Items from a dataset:
----------------
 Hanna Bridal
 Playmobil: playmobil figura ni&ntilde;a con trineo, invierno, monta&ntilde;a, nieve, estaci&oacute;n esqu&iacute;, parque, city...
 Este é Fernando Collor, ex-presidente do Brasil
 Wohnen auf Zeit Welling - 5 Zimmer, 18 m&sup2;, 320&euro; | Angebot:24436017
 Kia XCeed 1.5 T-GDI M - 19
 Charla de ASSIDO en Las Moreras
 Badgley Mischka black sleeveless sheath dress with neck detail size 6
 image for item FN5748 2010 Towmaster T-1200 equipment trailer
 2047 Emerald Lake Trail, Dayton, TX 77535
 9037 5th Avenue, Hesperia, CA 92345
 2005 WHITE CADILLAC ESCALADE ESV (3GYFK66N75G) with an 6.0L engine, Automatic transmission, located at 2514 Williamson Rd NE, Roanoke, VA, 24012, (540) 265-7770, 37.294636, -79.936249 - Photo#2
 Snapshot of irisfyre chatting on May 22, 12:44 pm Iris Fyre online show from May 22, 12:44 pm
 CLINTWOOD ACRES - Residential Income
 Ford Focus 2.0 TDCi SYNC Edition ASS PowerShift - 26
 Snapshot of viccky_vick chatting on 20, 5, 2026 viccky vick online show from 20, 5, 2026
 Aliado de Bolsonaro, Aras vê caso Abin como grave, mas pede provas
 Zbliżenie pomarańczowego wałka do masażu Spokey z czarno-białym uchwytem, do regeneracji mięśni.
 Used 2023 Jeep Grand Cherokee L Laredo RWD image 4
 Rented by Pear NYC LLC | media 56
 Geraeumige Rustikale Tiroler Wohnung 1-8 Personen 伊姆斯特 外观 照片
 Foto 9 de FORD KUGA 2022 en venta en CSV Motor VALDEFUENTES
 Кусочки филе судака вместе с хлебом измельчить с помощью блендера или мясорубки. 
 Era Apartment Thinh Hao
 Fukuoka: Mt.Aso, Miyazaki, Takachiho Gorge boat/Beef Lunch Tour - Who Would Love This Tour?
----------------
Your instructions: Give all the entries again exactly; leave none out.

Reply to the exercise:
 Hanna Bridal
 Playmobil: playmobil figura ni&ntilde;a con trineo, invierno, monta&ntilde;a, nieve, estaci&oacute;n esqu&iacute;, parque, city...
 Este é Fernando Collor, ex-presidente do Brasil
 Wohnen auf Zeit Welling - 5 Zimmer, 18 m&sup2;, 320&euro; | Angebot:24436017
 Kia XCeed 1.5 T-GDI M - 19
 Charla de ASSIDO en Las Moreras
 Badgley Mischka black sleeveless sheath dress with neck detail size 6
 image for item FN5748 2010 Towmaster T-1200 equipment trailer
 2047 Emerald Lake Trail, Dayton, TX 77535
 9037 5th Avenue, Hesperia, CA 92345
 2005 WHITE CADILLAC ESCALADE ESV (3GYFK66N75G) with an 6.0L engine, Automatic transmission, located at 2514 Williamson Rd NE, Roanoke, VA, 24012, (540) 265-7770, 37.294636, -79.936249 - Photo#2
 Snapshot of irisfyre chatting on May 22, 12:44 pm Iris Fyre online show from May 22, 12:44 pm
 CLINTWOOD ACRES - Residential Income
 Ford Focus 2.0 TDCi SYNC Edition ASS PowerShift - 26
 Snapshot of viccky_vick chatting on 20, 5, 2026 viccky vick online show from 20, 5, 2026
 Aliado de Bolsonaro, Aras vê caso Abin como grave, mas pede provas
 Zbliżenie pomarańczowego wałka do masażu Spokey z czarno-białym uchwytem, do regeneracji mięśni.
 Used 2023 Jeep Grand Cherokee L Laredo RWD image 4
 Rented by Pear NYC LLC | media 56
 Geraeumige Rustikale Tiroler Wohnung 1-8 Personen 伊姆斯特 外观 照片
 Foto 9 de FORD KUGA 2022 en venta en CSV Motor VALDEFUENTES
 Кусочки филе судака вместе с хлебом измельчить с помощью блендера или мясорубки. 
 Era Apartment Thinh Hao
 Fukuoka: Mt.Aso, Miyazaki, Takachiho Gorge boat/Beef Lunch Tour - Who Would Love This Tour?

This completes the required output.